Renaisans telah membangkitkan kembali cita-cita, alam pemikiran, filsafat hidup yang kemudian menstrukturisasi standar-standar dunia modern seperti, optimisme, hedonisme, naturalisme, dan individualisme. 1  Ialah peletak dasar-dasar politik modern dengan mengadopsi kekuasaan sebagai anak kandung yang harus diutamakan diatas segala kepentingan baik nilai, moralitas, dan bahkan agama. Ia menjabarkan teori yang intinya kekuasaan ialah tujuan setiap penguasa, bukan moral, bukan pula agama, semua adalah alat untuk mencapai kekuasaan.  

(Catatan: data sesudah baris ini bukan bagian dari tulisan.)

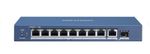 Hikvision-Digital-Technology-DS-3E0106P-E-M-switch-di-rete-Non-gestito-Fast-Ethernet--10-100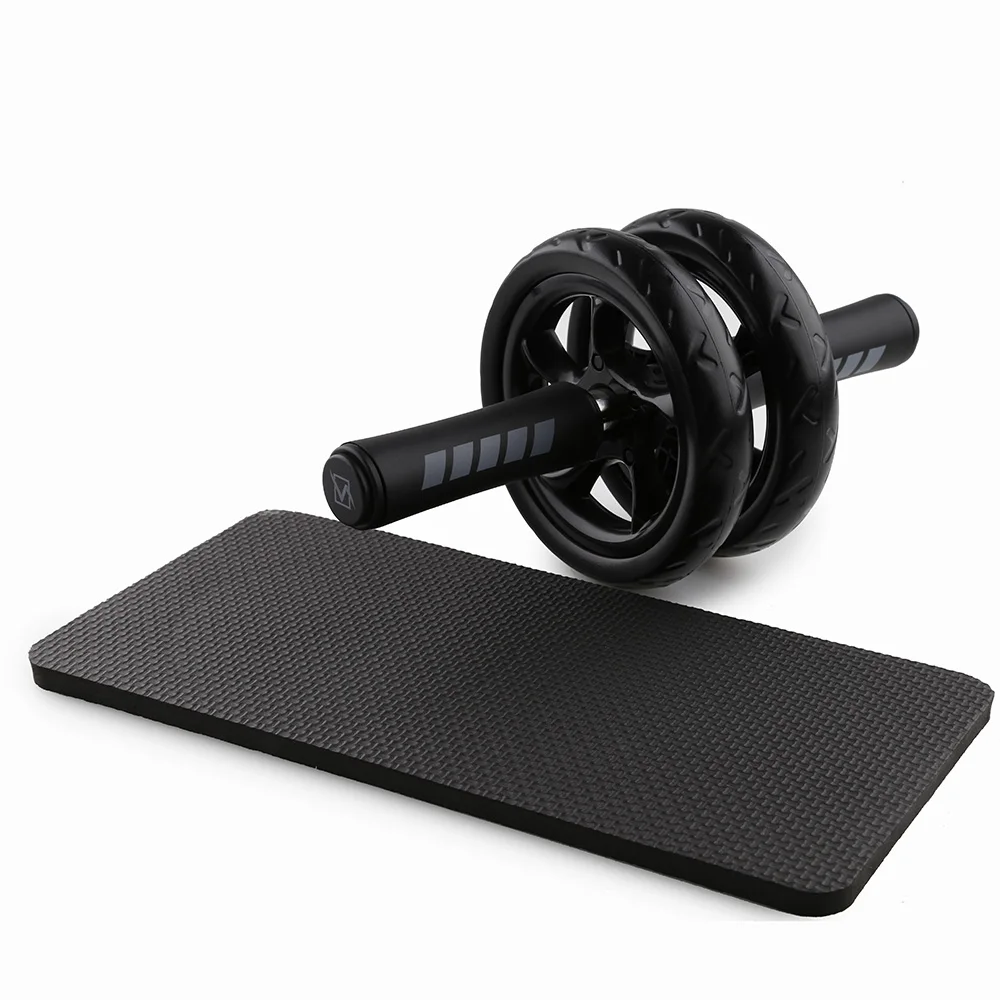 No Noise Abdominal Wheel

Hubungan antara Kekuasaan, Moralitas, dan Agama.

Dalam kesempatan ini, saya akan mengulas pandangan Machiavelli lewat karyanya yang monumental “sang penguasa” dengan judul asli (Ill Principe) yang memberi kontribusi terhadap teori seputar cara merebut dan mempertahankan “kekuasaan” sebagai ruh dari buku ini. Machiavelli melihat kekuasaan sebagai tujuan itu sendiri, ia menyangkal bahwa kekuasaan ialah alat untuk mempertahankan nilai-nilai moralitas, dan agama. Sebaliknya, bagi machiavelli Agama dan Nilai-nilai yang justru dijadikan alat untuk memperoleh, memperbesar dan melanggengkan kekuasaan. Dalam “The Prince”  Machiavelli menekankan pentingnya melakukan tindakan-tindakan baik terpuji maupun tidak terpuji (Kekerasan) asal tujuan bisa tercapai. Dengan lain perkataan, Machiavelli mengajarkan kepada sang penguasa untuk menjadikan apa saja fasilitasnya bagi tercapainya kekuasaan sebagai tujuan satu-satunya yang harus dimuliakan.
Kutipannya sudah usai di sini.